§ Prompt: Begin with the line holding "Ming Wang Women's" and end with the last line of the records below. Set down exactly those lines and leave out every picture.
········
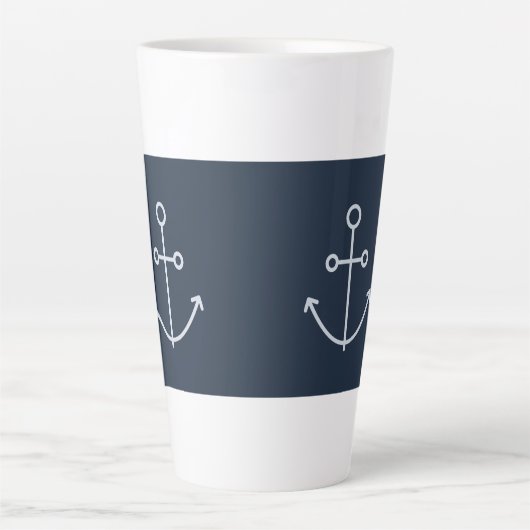 Navy Blue Nautical Minimal Anchor Latte Mok (Voorkant)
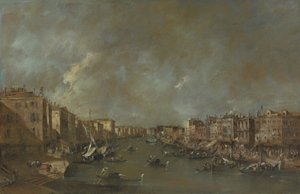 Uitzicht op het Canal Grande vanaf de Ponte di Rialto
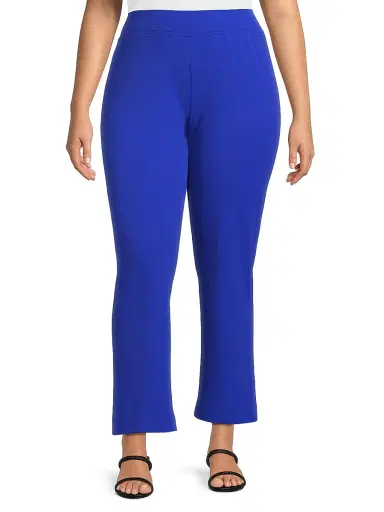 Ming Wang Women's Plus Stretch Deco Crepe Straight-Fit Pants - Sapphire Sea - Size 28 | Thumbnail 3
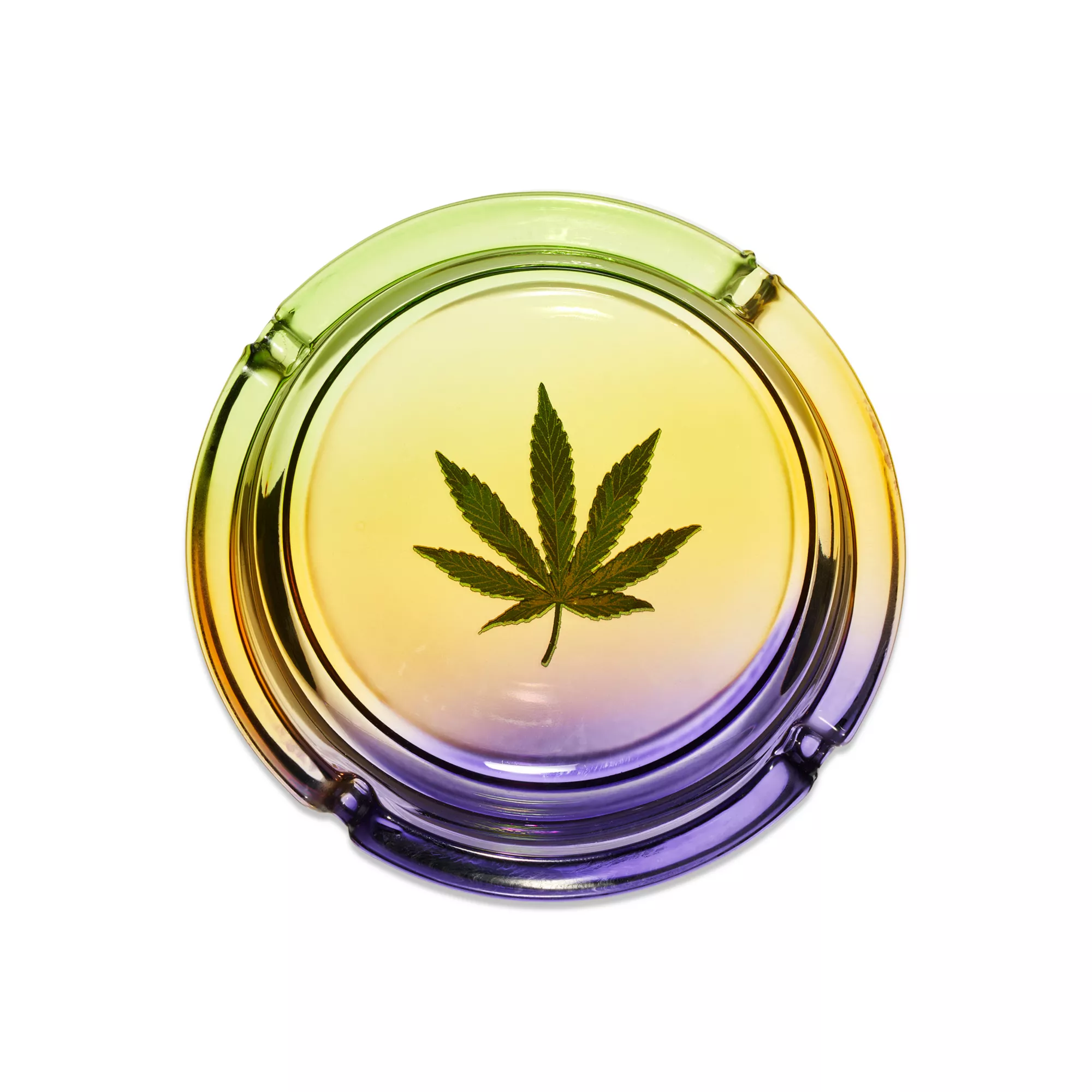 Ombre Weed Leaf Stash Jar and Ashtray Set - 4.6 oz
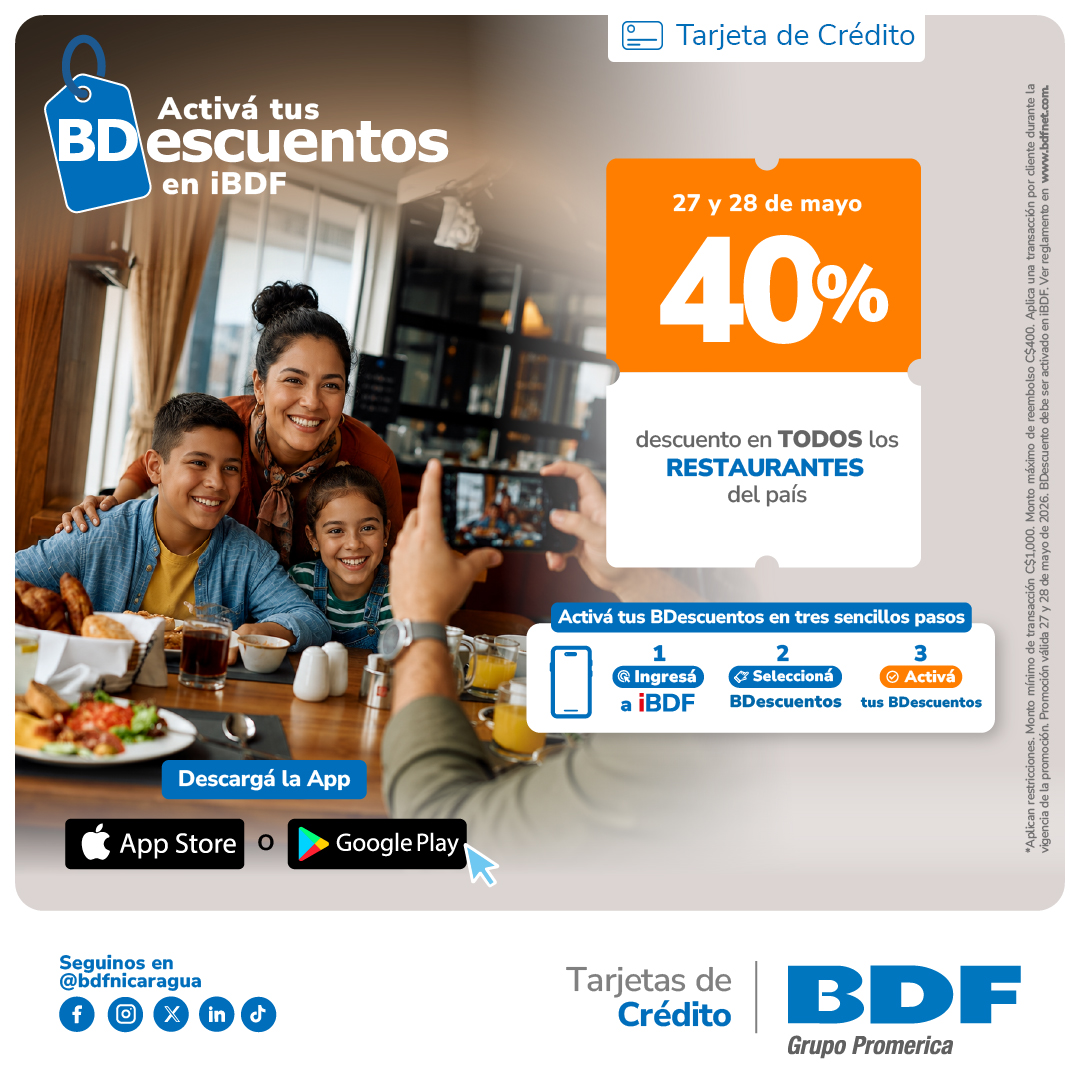 Beneficios exclusivos Tarjetas de Crédito BDF - 40% descuento en Restaurantes del país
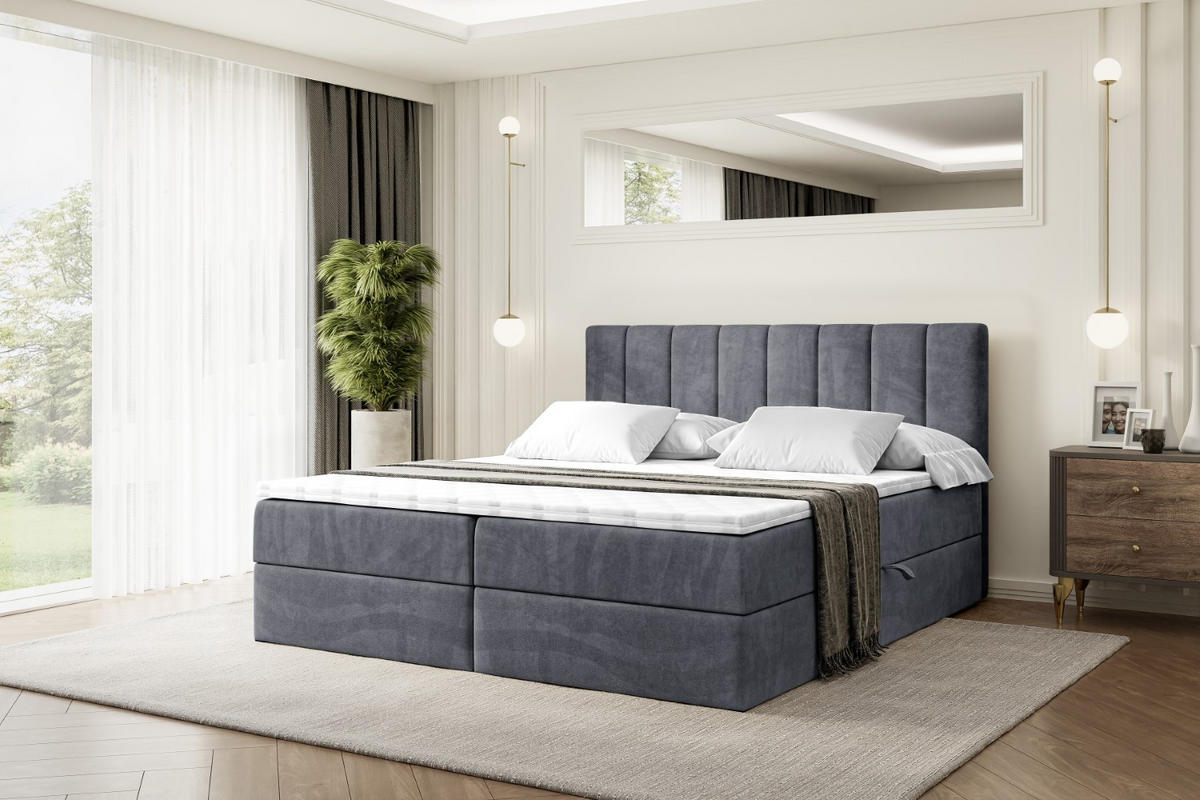 BOXBETT mit Matratze H3 und Lattenrost - OTTA - 200x200 cm Dunkelgrau - Dunkelgrau, Holzwerkstoff (200/200cm) - ALTDECOR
········
§ Solution to this exercise:
 Ming Wang Women's Plus Stretch Deco Crepe Straight-Fit Pants - Sapphire Sea - Size 28 | Thumbnail 3
 Ombre Weed Leaf Stash Jar and Ashtray Set - 4.6 oz
 Beneficios exclusivos Tarjetas de Crédito BDF - 40% descuento en Restaurantes del país
 BOXBETT mit Matratze H3 und Lattenrost - OTTA - 200x200 cm Dunkelgrau - Dunkelgrau, Holzwerkstoff (200/200cm) - ALTDECOR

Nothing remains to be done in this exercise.